According to a report in The Wall Street Journal, the USDA and the Food & Drug Administration (FDA) have a formal understanding in which the USDA is supposed to notify the FDA of sanitary issues. If the USDA notifies the FDA that it has stopped grading eggs due to a health issue, the FDA sends inspectors to the farm, and can ask the farm to stop shipping eggs.
According to an Associated Press report, USDA employees were based next to areas where roughly 7.7 million caged hens laid eggs at the two operations. As part of an industry-paid program, the USDA egg graders were at the facilities at least 40 hours per week.
According to USDA daily sanitation reports obtained by The Wall Street Journal, egg inspectors observed bugs and overflowing trash earlier this year at Wright County Egg Plant 170. That facility produced many of the recalled eggs.

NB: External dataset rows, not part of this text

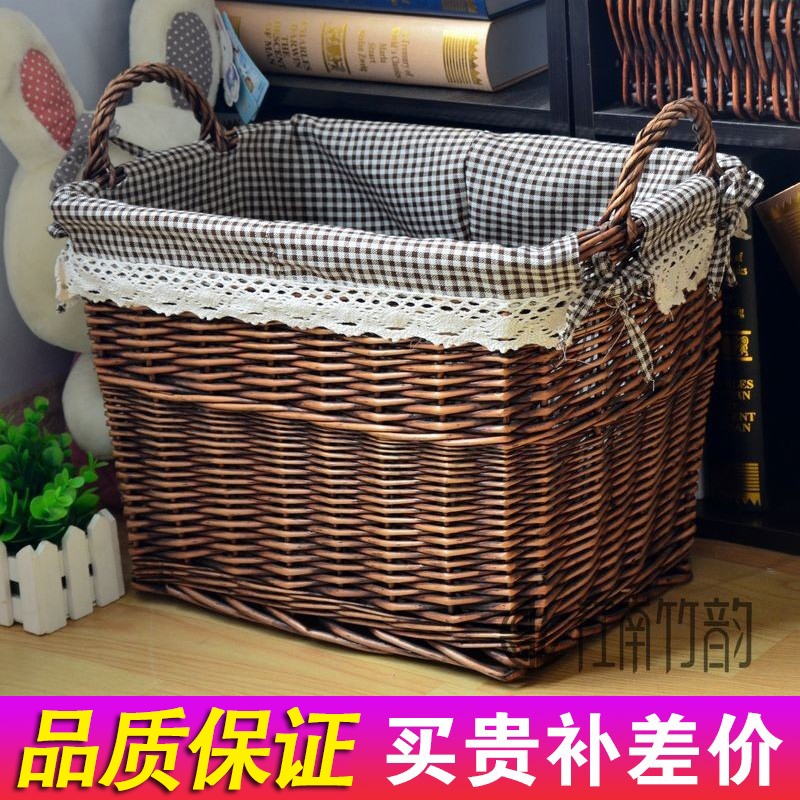 Wicker dirty clothes basket rattan basket storage basket bamboo basket laundry basket large capacity snack storage basket clothes dirty clothes basket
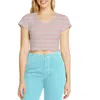 Dickies Juniors Womens Striped V-neck T-shirt In Pink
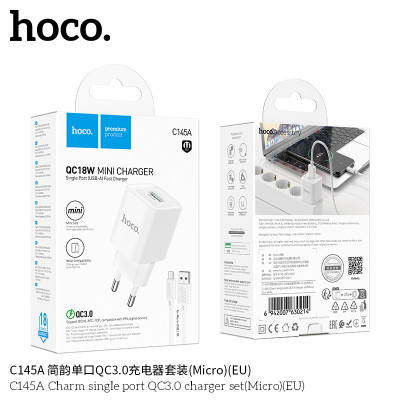 Hoco C145A Cargador QC3.0 18W Completo Con Cable Micro (EU)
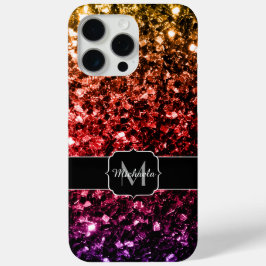 Funda Para iPhone 15 Pro Max Monograma de brillo falso de arcoíris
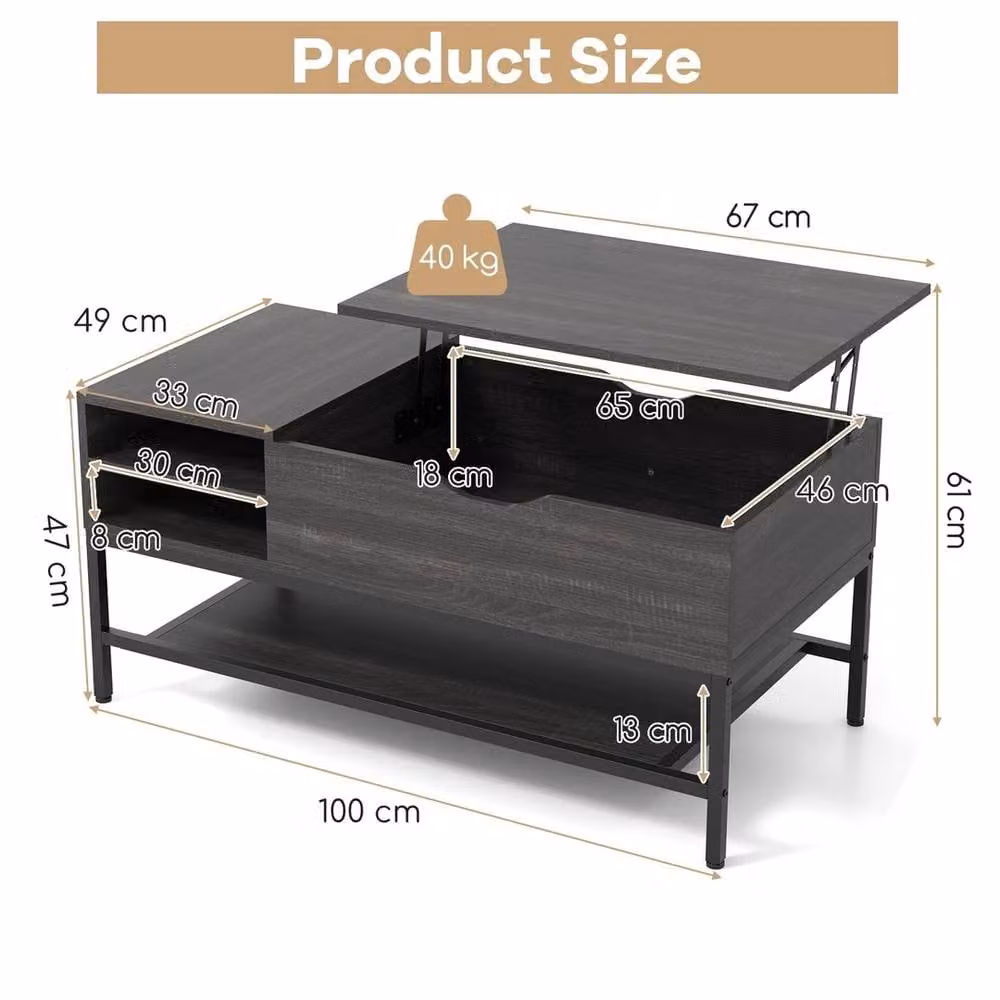 VOGREX Grey Modern Rectangular Lift Top Coffee Table with Metal Storage Shelf – 2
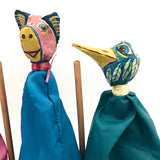 Hand-puppet Animals with Painted Papier Mache Heads - Set of 4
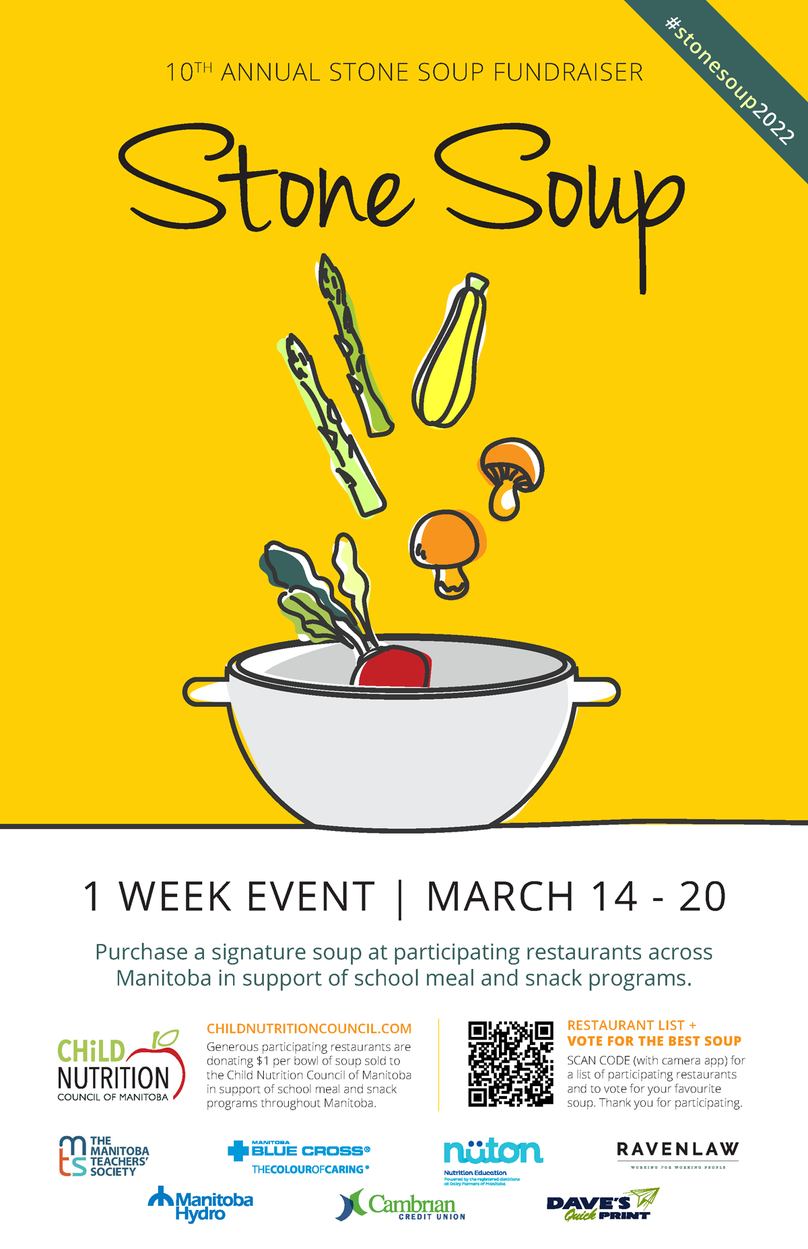 Stone Soup event poster with sponsor logos and Q-code.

Reviews of Conditions Satisfactory
Reviews from last year and April of this year generally found conditions satisfactory, the Journal said. But in May, the marks shifted to “unsatisfactory” in several areas including some deemed “critical,” and reports filed in June and July were even worse. In spite of this, the USDA inspectors did not stop production at the facility.
The USDA said it didn’t give notice because “the conditions at the egg plant packing facilities were routine,” the Journal said. USDA officials also maintained that inspectors notified the plant manager each morning when they saw issues, and facilities were cleaned up before production began.
It isn’t clear whether the sanitation problems identified by the USDA graders had anything to do with the Salmonella contamination, the Journal said. But critics of the agency say the USDA missed an opportunity to raise an early alarm about safety that might have brought about a more timely federal response. In August, when the FDA finally inspected Wright County Egg facilities, the agency also found many unsanitary conditions including mice, maggots and manure piles as high as eight feet.